[Start of section]

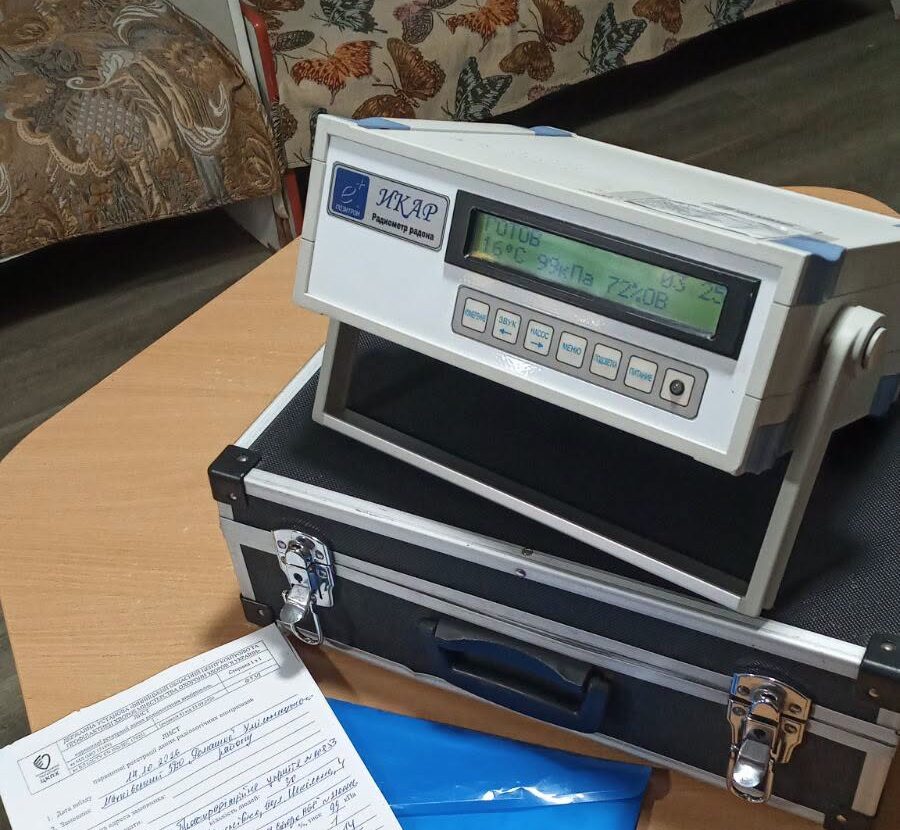 Фахівці перевіряли якість повітря в укриттях у Хмільницькому районі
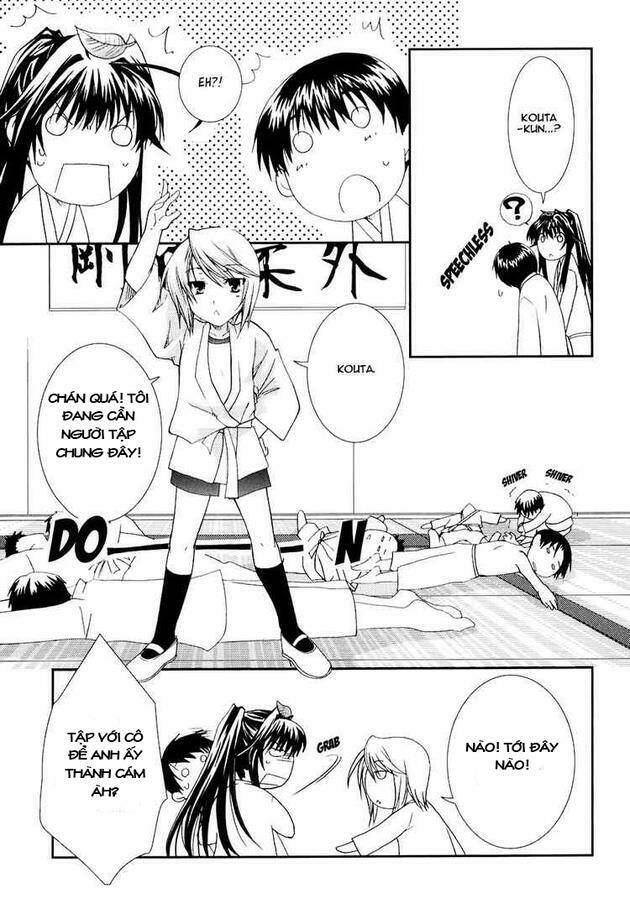 Kanokon Chapter 17 - Trang 2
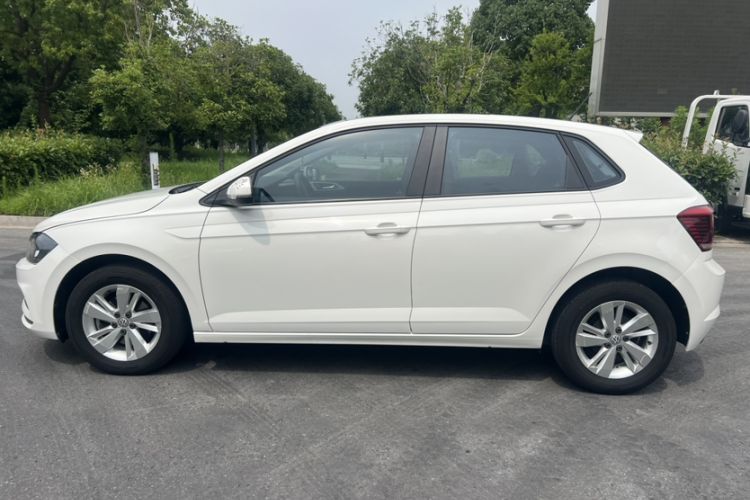 Used Volkswagen Polo 2019 Plus 1.5L Automatic Panoramic Enjoyment Edition Exterior 4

[End of section]

#### Required work
Reproduce the data above in full, exactly, with the images removed.

#### Response box
 Фахівці перевіряли якість повітря в укриттях у Хмільницькому районі
 Kanokon Chapter 17 - Trang 2
 Used Volkswagen Polo 2019 Plus 1.5L Automatic Panoramic Enjoyment Edition Exterior 4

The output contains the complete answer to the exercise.